● **Task goal**
The exact lines of the listing, from its first through the line that contains "While we're waiting", are to make up the answer, and pictures are to be left out.

● **Data block**
<<<<

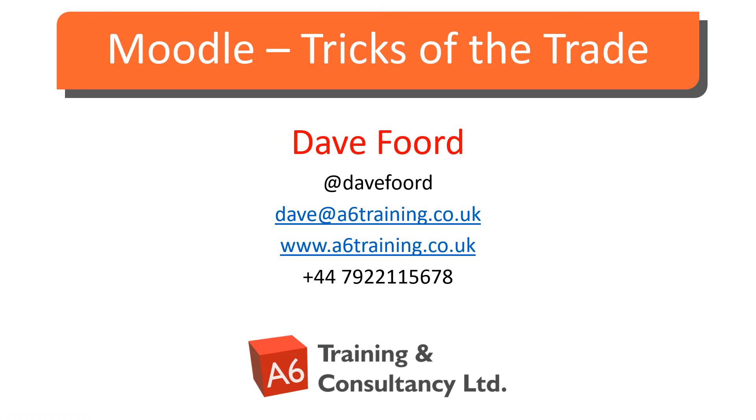I'm Dave Ford. If you wish to get in touch, please look at my contact details on the screen. I'm based in the UK but I work with organizations all over the globe providing consultancy, training, and resource development services, mainly in the areas of Moodle and Totara.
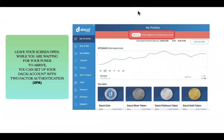While we're waiting for your funds to arrive, leave your Daxy wallet open on this page, because we're going to move on and set up two-factor authentication.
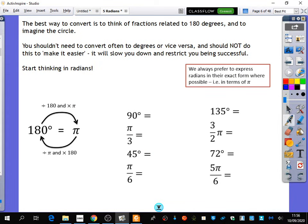So we're going to try and do some of these conversions now. The best way to convert is to think of fractions related to 180 degrees and to imagine the circle — that's for anything that's a multiple of pi. I've said you shouldn't need to convert often to degrees or vice versa, and you should not do this just to make it easier. If you've got a question in radians and you go, 'I'm more comfortable with degrees, I'll translate everything,' you're not going to be successful. Start thinking in radians. We always prefer to express radians in their exact form where possible — i.e. in terms of pi.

>>>>

● **Result for this exercise**
I'm Dave Ford. If you wish to get in touch, please look at my contact details on the screen. I'm based in the UK but I work with organizations all over the globe providing consultancy, training, and resource development services, mainly in the areas of Moodle and Totara.
While we're waiting for your funds to arrive, leave your Daxy wallet open on this page, because we're going to move on and set up two-factor authentication.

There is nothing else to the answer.